“Dos meses de receso no son descanso: son una forma elegante de no hacer visible lo que ya es invisible.”
El receso del Concejo Deliberante de El Bolsón llega a su fin. Después de casi dos meses “de necesario descanso”, los siete concejales locales se preparan para retomar la actividad legislativa el 1° de marzo. La última sesión formal fue a fines de diciembre de 2025, con una sesión extraordinaria en febrero para tratar un solo tema: el terreno para el bingo de la Fiesta Nacional del Lúpulo.
3 claves rápidas:
Receso de dos meses
Único tema tratado 2026 :Terreno para el bingo
Vuelta sin agenda clara
Mientras tanto, los vecinos siguen preguntándose cuánto cuesta mantener una estructura política que, durante largos veranos, no da señales de vida. En Bariloche, por ejemplo, ya se analiza una revisión de la Carta Orgánica para reducir el número de concejales, argumentando que muchos cuerpos deliberativos funcionan más como escribanías del Ejecutivo que como espacios de debate real o transformación social.

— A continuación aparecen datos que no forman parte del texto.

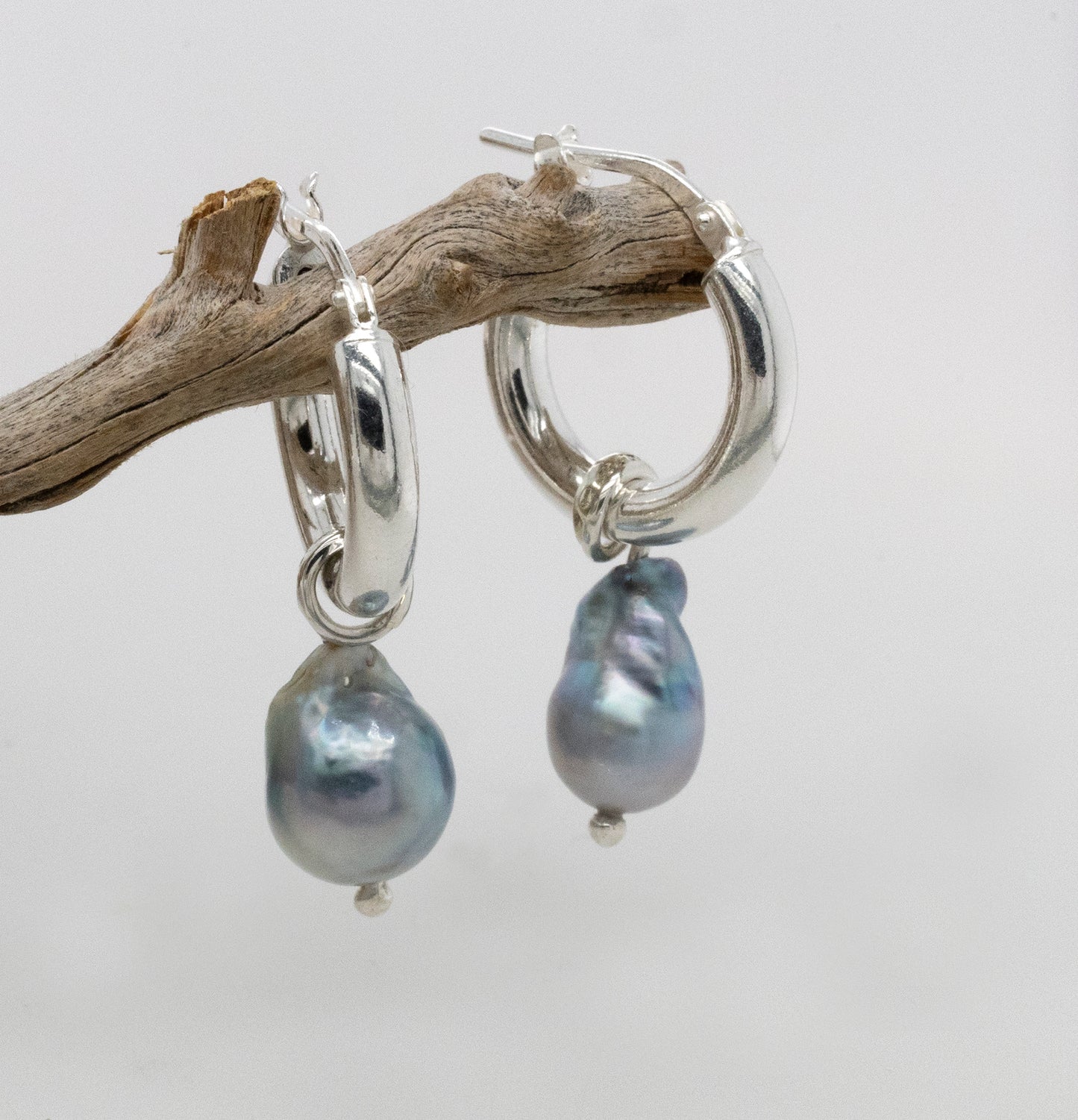 Medium Blue Pearl Hoop Earrings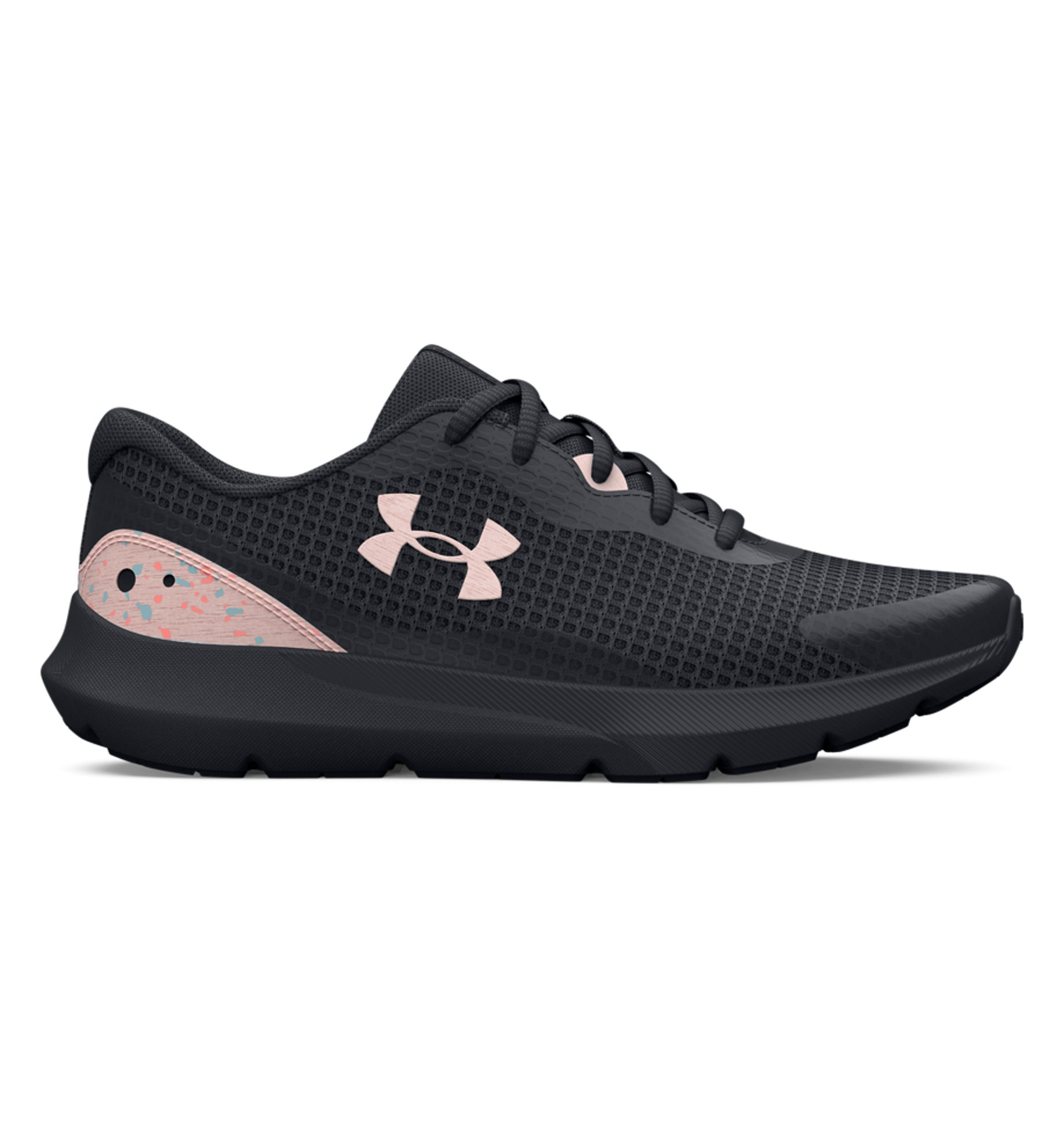 Under Armour Women's UA Surge 3 Running Shoes in black with pink accents, featuring a lightweight mesh upper and cushioned sole.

Entre el descanso y la desconexión
La ironía es inevitable: cuesta encontrar otra profesión pública con tanto tiempo de pausa y tan poca rendición de cuentas. ¿Quién representa hoy al vecino común? ¿Quién sostiene que el trabajo del Concejo transforma algo en El Bolsón?. Quitemos la presencia en actos protocolares ( o también vamos a pagar sueldo por "estar").
Las sesiones suelen ser silenciosas, y la tarea legislativa, directamente invisible. No hay difusión de proyectos, ni educación cívica que acerque a los jóvenes al funcionamiento democrático de la ciudad. ¿Hace cuánto que un colegio no visita el recinto? ¿Hace cuánto que no se invita a los estudiantes a simular un día legislativo?
De espaldas al pueblo
Mientras los concejales aparecen sobre los escenarios de actos oficiales o entregando reconocimientos “de interés municipal”, la desconexión con la realidad social se profundiza. Porque si representar al pueblo significa descansar más de lo que se legisla, hay algo que revisar más urgente que el reglamento de sesiones.
El 1° de marzo marca el regreso formal. Hora de guardar las reposeras, abrir los expedientes y —con un poco de suerte— empezar a construir una gestión que se note. A trabajar, muchachos: las vacaciones se terminan… aunque para muchos, recién empiezan las preguntas.